↓↓↓

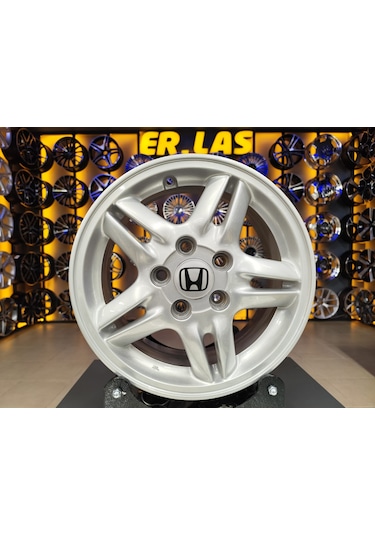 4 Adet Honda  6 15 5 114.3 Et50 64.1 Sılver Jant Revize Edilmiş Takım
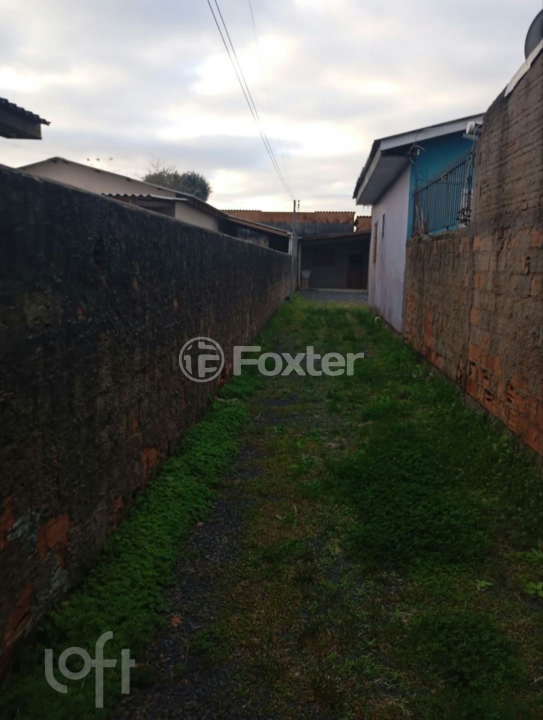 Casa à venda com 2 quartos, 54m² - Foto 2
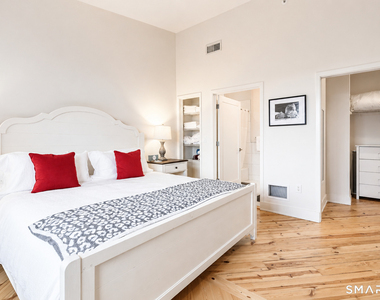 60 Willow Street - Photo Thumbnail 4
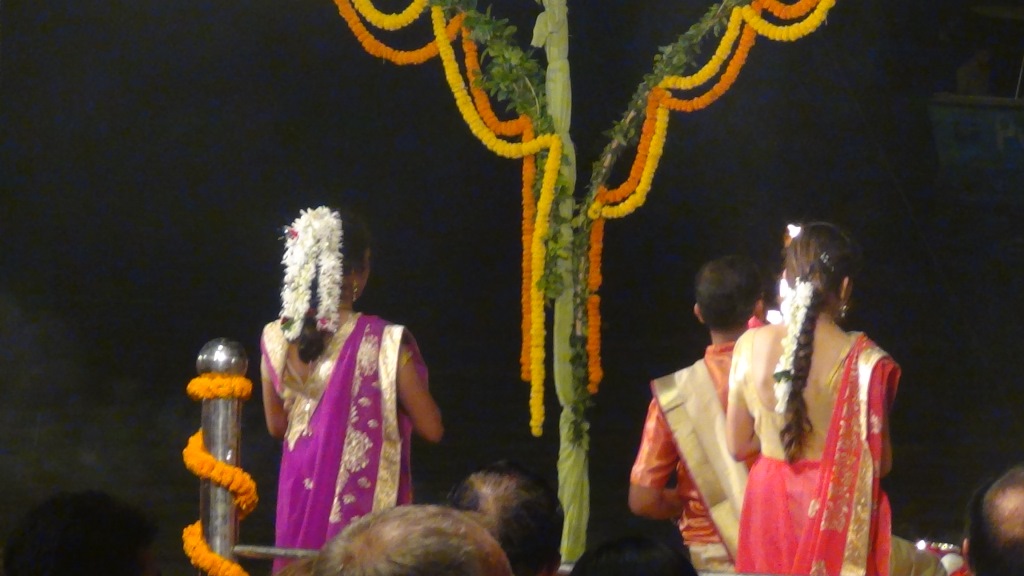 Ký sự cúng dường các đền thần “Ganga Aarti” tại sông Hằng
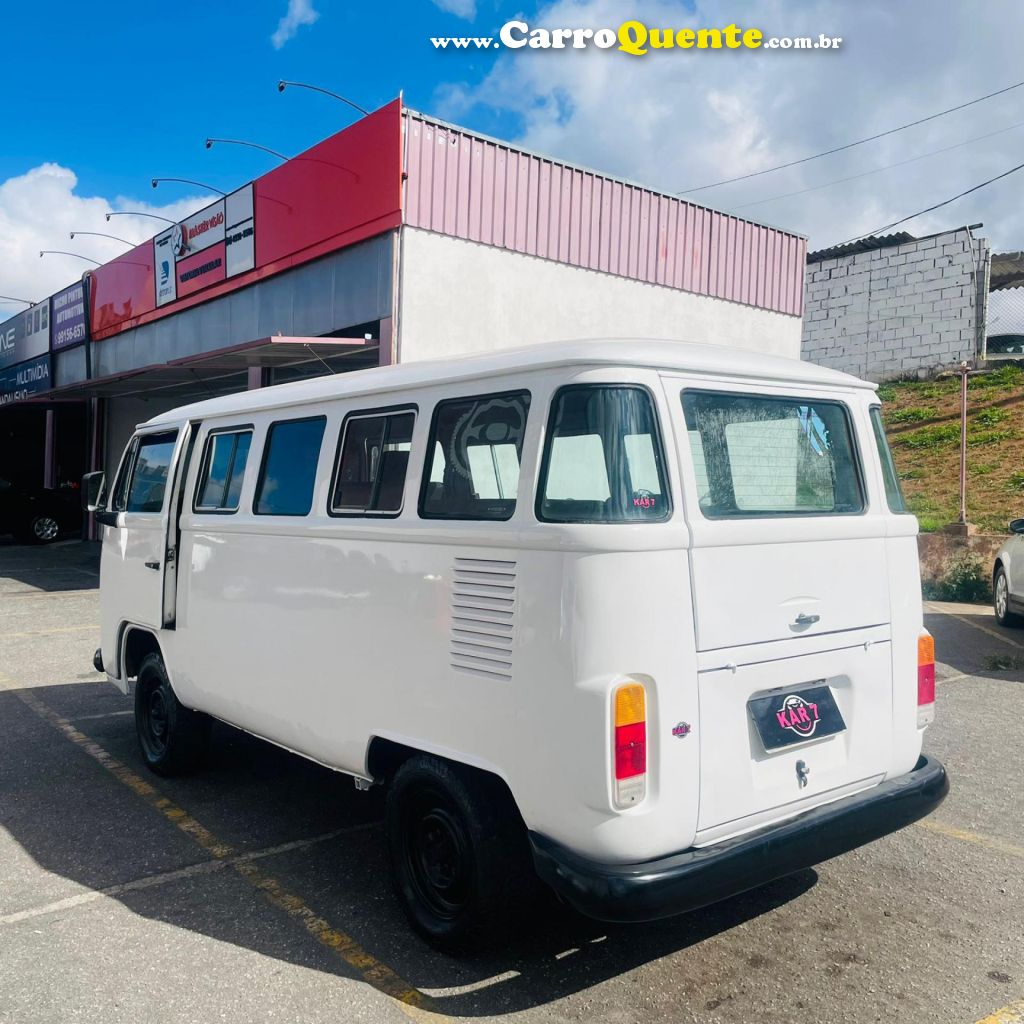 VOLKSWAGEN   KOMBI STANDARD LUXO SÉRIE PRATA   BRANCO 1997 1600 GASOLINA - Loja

↑↑↑

Assignment: Every entry above is to be repeated word for word, with all pictures omitted.

Answer box:
 4 Adet Honda  6 15 5 114.3 Et50 64.1 Sılver Jant Revize Edilmiş Takım
 Casa à venda com 2 quartos, 54m² - Foto 2
 60 Willow Street - Photo Thumbnail 4
 Ký sự cúng dường các đền thần “Ganga Aarti” tại sông Hằng
 VOLKSWAGEN   KOMBI STANDARD LUXO SÉRIE PRATA   BRANCO 1997 1600 GASOLINA - Loja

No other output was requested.